Please write out only the lines from the line with "GEAR SHIFT SELECTOR" to the line with "You've Got A", inclusive, exactly as they stand below, without the pictures.
── RECORDS
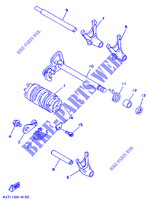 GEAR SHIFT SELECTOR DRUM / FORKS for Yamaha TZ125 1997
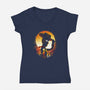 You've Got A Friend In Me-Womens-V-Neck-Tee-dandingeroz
────
── RECORDS
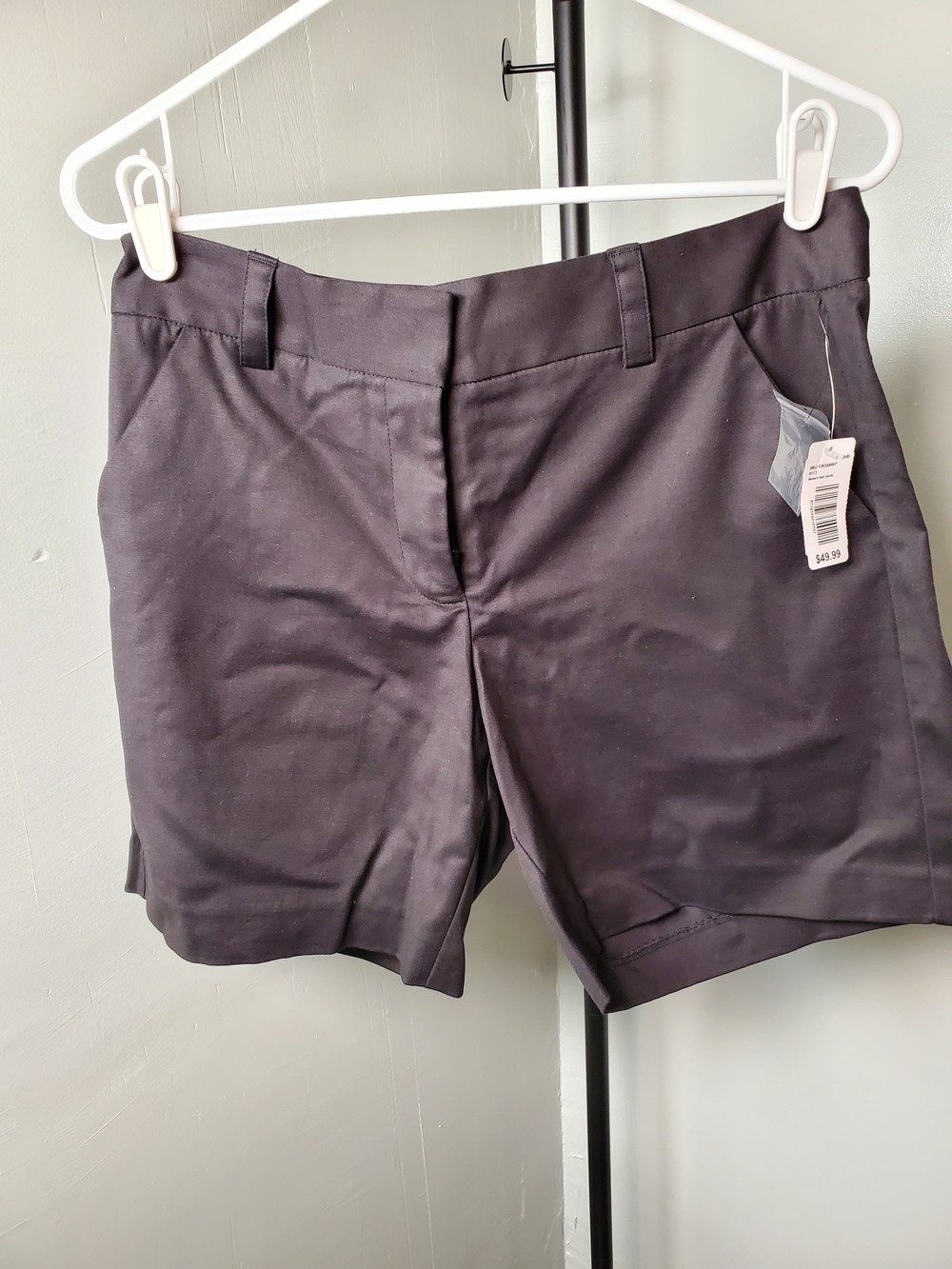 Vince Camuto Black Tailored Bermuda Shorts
────
── RECORDS
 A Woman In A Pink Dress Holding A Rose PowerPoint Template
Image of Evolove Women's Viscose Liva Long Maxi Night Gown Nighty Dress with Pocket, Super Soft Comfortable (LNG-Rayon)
────
## SOLUTION TO THIS TASK:
 GEAR SHIFT SELECTOR DRUM / FORKS for Yamaha TZ125 1997
 You've Got A Friend In Me-Womens-V-Neck-Tee-dandingeroz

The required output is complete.